I woke up Sunday feeling as if I had been run over by a bus. Seriously – this whole spinal pain deal is wicked. C wanted to take the girls to the county fair, and I spent a few minutes feeling a bit blue that I could not go. As I watched them get ready, I decided that I was not going to just sit around and not enjoy my family. Even if I was miserable, I knew we could get back home relatively fast.
As it were, the temps here were god awful, and we all were only able to tolerate it for a few hours. But much fun was had by all. I was again reminded that I don’t need to stop living because of this treatment. No, I don’t need to push myself physically – but sometime there are some psychological issues wrapped up in my desire to be still as well. I know myself all so well, and I know how I can talk myself out of something. My bargaining unit has been been hard at work for years.
Funny how often we can be our own worst enemies. Long winded way of saying that I am pleased with myself for getting out and having a lovely day with my family.
I heard news of a dear family member’s passing on Sunday morning. I am sad that the world can no longer claim her, but I am also happy for her because she lived a full and long life, and she was ready to go.
She was a neat lady and she touched my life with kindness. I have wonderful vacation memories of she and my grandfather driving down the road singing together. I will cherish these forever. She really loved him and he her. As a kid I remember being amazed at how much they just enjoyed one another. I wanted that kind of love when I grew up! I can honestly say that I have found my mate in my boy, and I can now look back at them with even more amazement.
It’s a bit of an end of an era for her to pass away. My grandfather has been gone for many years, but in a way, she carried his memory on for all of us. She took wonderful care of him during the last years of his life and I’ve always been so grateful to her for this. I am reminded of his death with her passing, and wow how I miss him.
I spoke with my grandmother’s daughter today, and she expressed her sadness that I am going through what I am. I tried assuage her fears by telling her of how much of a transformation this whole process has been for me.
I have found myself saying to more than a few people lately that this treatment feels like a love letter to my body. What an odd turn of phrase to describe it – but it feels true. This is me finally treating my body with the love and care that it has needed (and deserved) for so long. This treatment is an inconvenience, not a death sentence. It’s hard, but I am able to do it. I am so amazed at the deep resources of strength that the human spirit is capable of. I look forward to helping my children understand that they can survive anything.
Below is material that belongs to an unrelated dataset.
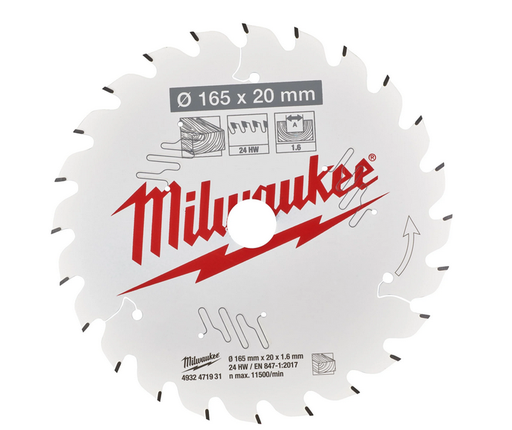 [MI.4932471932] Lame de scies Circulaires 165x20X1.6 - 40tndn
I remember after giving birth to M that I was amazed that I was able to do it. I had it in my mind that I would somehow give up at some point and need a section. I even said so to my mother-in-law and she was surprised.
Perseverance is something that I have struggled with all of my life. I’m a chronic procrastinator. I have set myself up for failure more times than I can even begin to tell of. I never did as well in school as I could have, and I spent a lot of time wandering around trying to figure it all out.
And then I had children. Ha, I had two colicky children! I learned a lot about myself during those long and dark months.
I am a fighter and I am a survivor. All of those years of putting myself down for being ‘broken’….and here I am feeling more whole than I ever have. I have learned that if you have the right person at your side, even the worst of the worst can be made bearable.